New York

Bram Bogart

Jacobson Howard Gallery

Bram Bogart offers platters of painterliness, one might say, served up raw yet uncannily refined, even in such turbulent works as Geen twijfel (No Doubt), 2005. But it’s not that simple, even if one regards Bogart’s strikingly material paint, often alive with primary color—as it is in the passionately red Een kleur (One Color), 2005, and Rode Rouge (Red Red), 2008—as the bizarre conclusion of what began with the intense brushwork of his countryman Vincent van Gogh. Intensity has become intimidation in Bogart’s paintings: Van Gogh’s painterliness looks restrained compared to Bogart’s, which projects—erupts—into space, confronting us with its materiality. Clement Greenberg once wrote that “every fresh and productive impulse in painting . . . has manhandled into art what seemed until then too intractable, too raw and accidental, to be brought within the scope of aesthetic purpose.” By this standard, Bogart has manhandled into art more paint (for the sheer quantity of paint in his works is as remarkable as their aesthetic quality) than van Gogh ever did. (The Hegelian notion that great quantity becomes pure quality is useful here; even “pure ideas” must return to “sense certainty” to complete their meaning and have effect. One might say that Bogart’s “rematerialization of art” counters the “dematerialization of art.”)

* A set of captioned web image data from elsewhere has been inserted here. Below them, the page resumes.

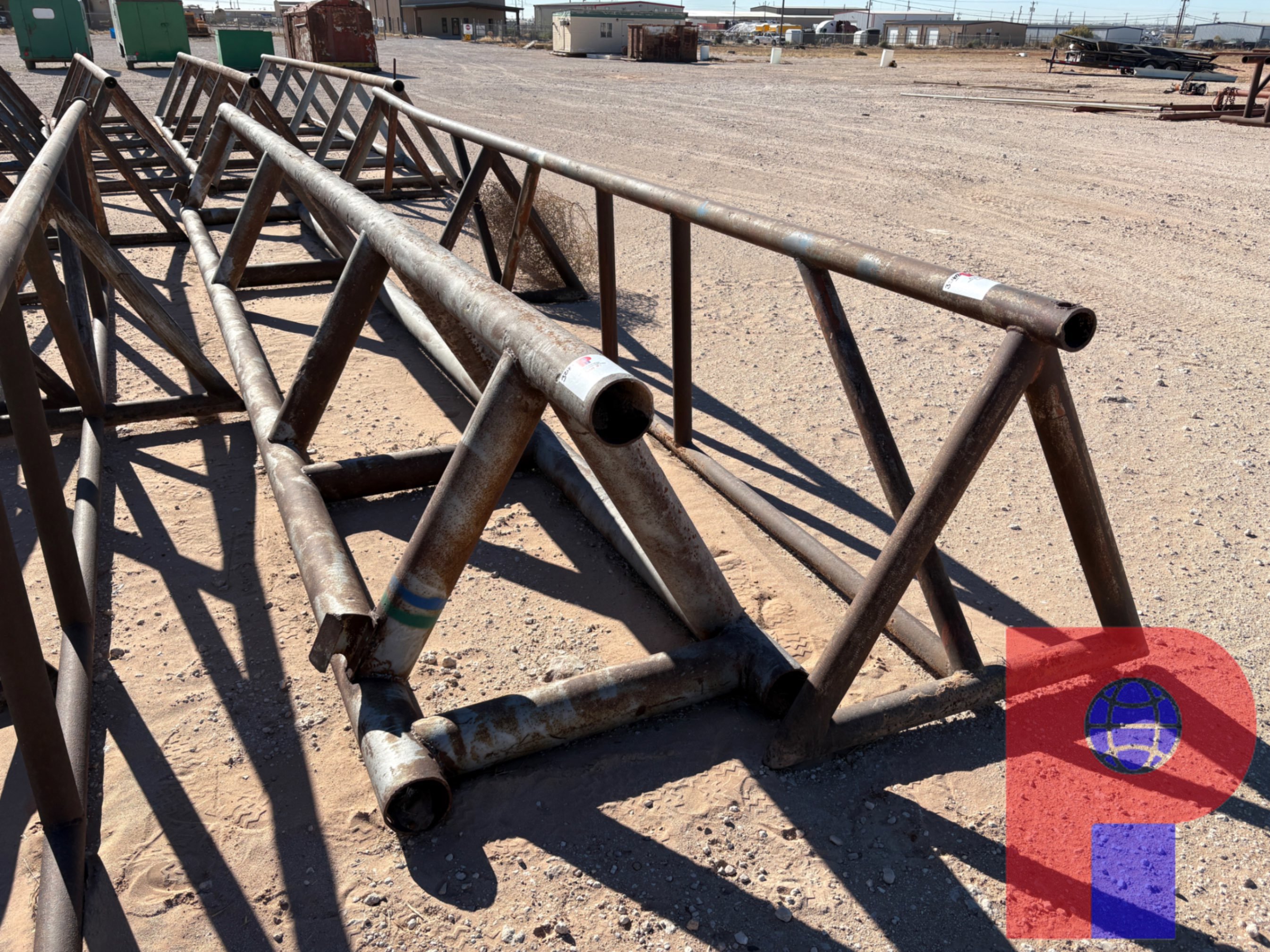 Used (2X$) (1) 28.5’ X 41” & (1) 26’ X 36” TRIANGLE PIPE RACKS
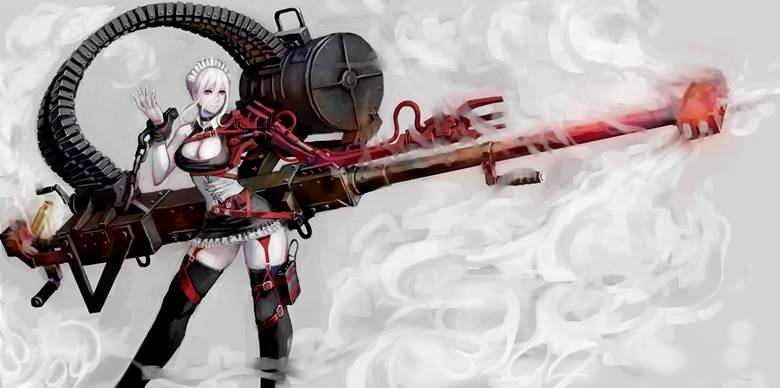 原创, 机械少女, 机娘, 军事, 白化症, 女仆, check out the description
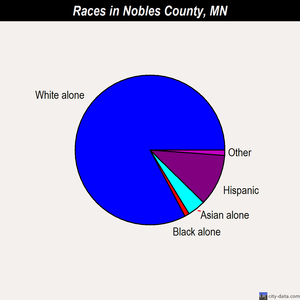 Nobles County races chart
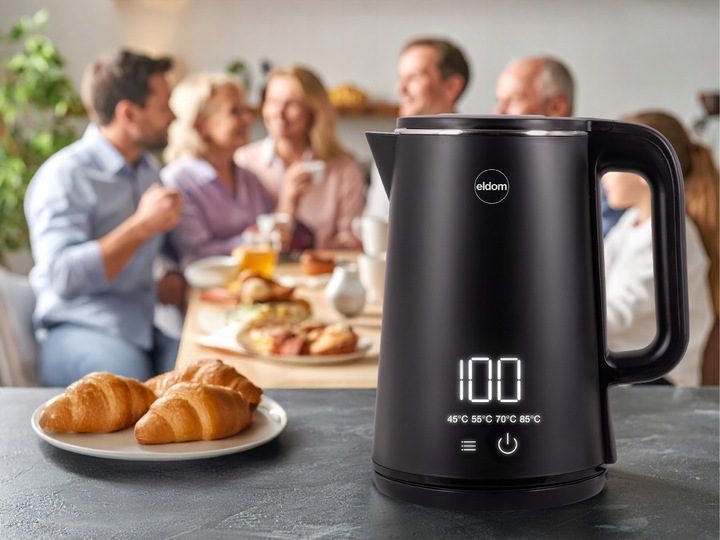 Czajnik bezprzewodowy z regulacją temperatury C515 czarny 2000W 5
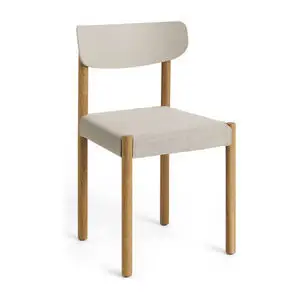 Hay - Pack Chair 11 Olieret massiv eg 4-benet fod Standard glider - Kridtgrå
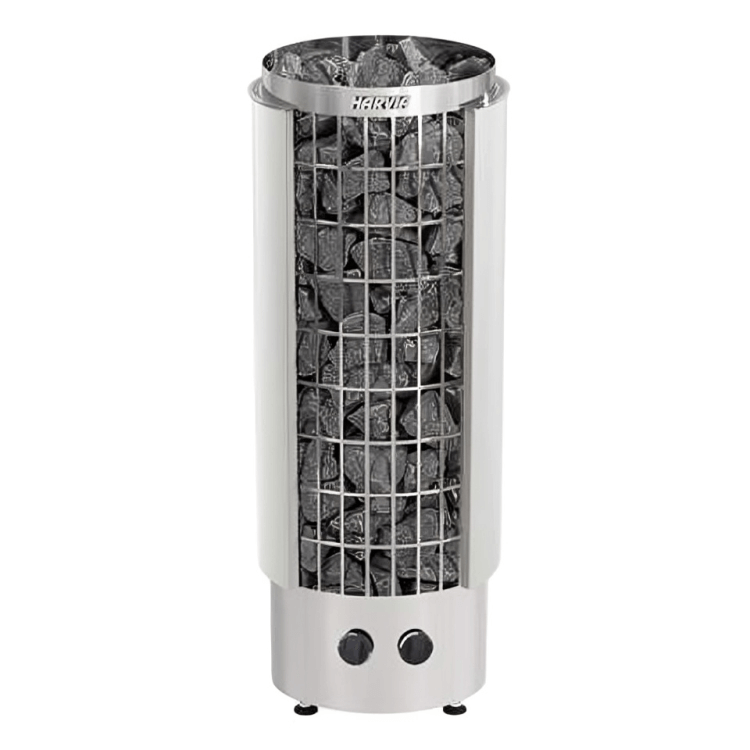 Harvia Cilindro PC60 6 kW Electric Sauna Heater w/ Built-In Controls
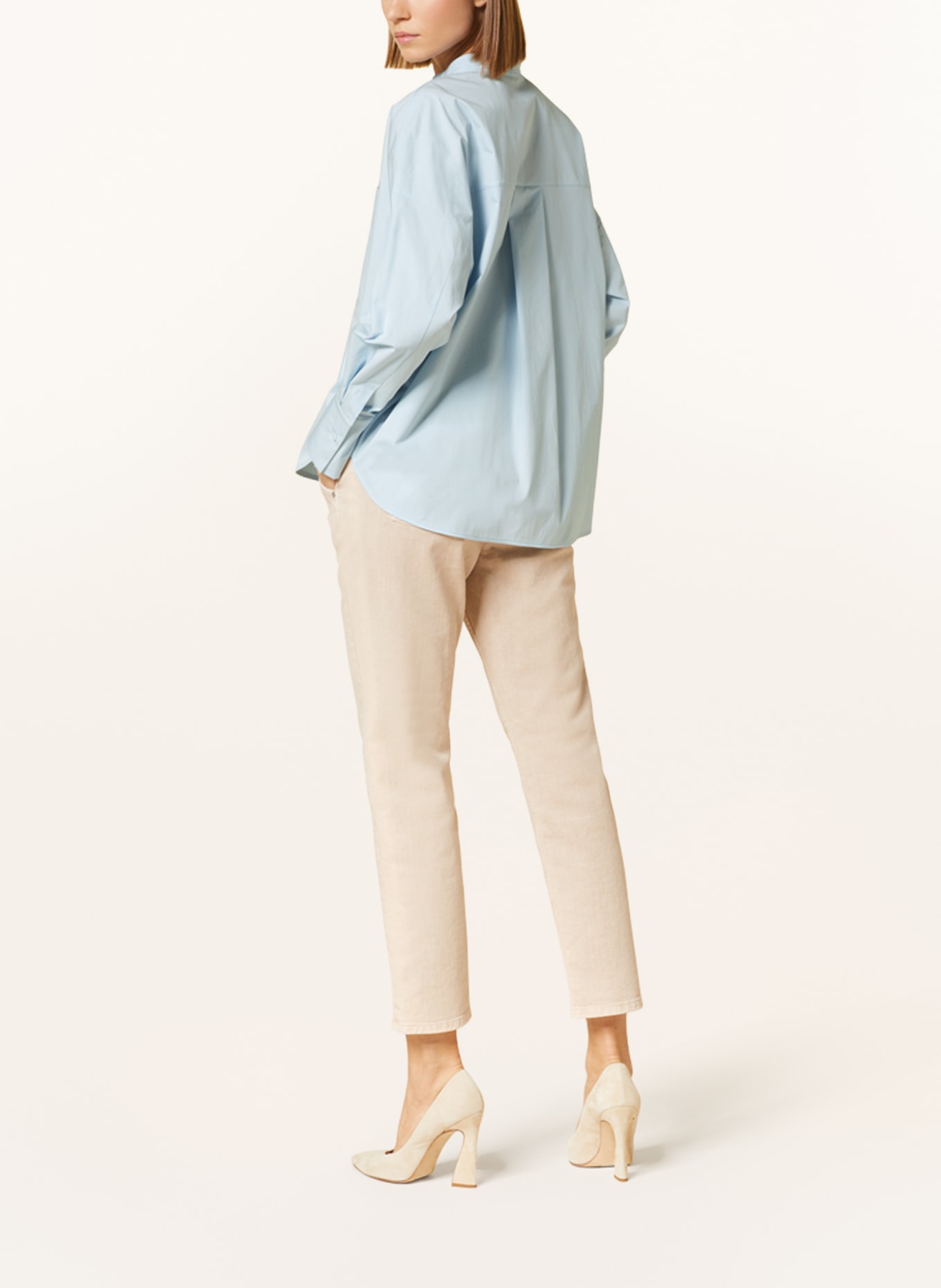 LUISA CERANO Bluse, Farbe: HELLBLAU (Bild 3)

Unlike Bogart, van Gogh didn’t trowel paint onto the canvas (although he did apparently use a palette knife) and his paintings don’t weigh hundreds of pounds. Bogart’s I Don’t Know, 2008, is as much a sculptural relief as an agitated painting. In fact, his works are never flat; they’re three-dimensional constructions made of painterly fragments—some of which are grand and sweeping, including the plateaulike slabs of I Don’t Know; others relatively small and intimate, like those in Het Wit (Little White), 1990. Bogart’s paintings impart a sense of fullness and overload, maintaining a visceral immediacy and overwhelming presence. They perform in space, helped along by their declarative color. Yet however forceful, however much they materialize energy, bringing it under aesthetic control without denying its elemental authority, they are oddly insular and detached: The literalness of the paint becomes a barrier to any rapport that might be generated by stray associations. This is absolute art with a vengeance: All one can do is admire its grandeur.

Bogart’s works seem designed to confront, to reduce the spectator to a minor character in their “act,” like action paintings brilliantly carried to reductio ad absurdum. Colors are stripped of the symbolic meaning van Gogh accorded them, and the material candor that Greenberg celebrated as the ne plus ultra of painting becomes an inevitability—but the so-called inner necessity that gave abstract painting human meaning has been sacrificed. Yet there is an undeniable urgency to Bogart’s handling; the struggle between power and style that Alfred North Whitehead thought was at the core of civilization seems to end in a draw in Bogart’s works, which are at once eminently civilized and uncompromisingly powerful.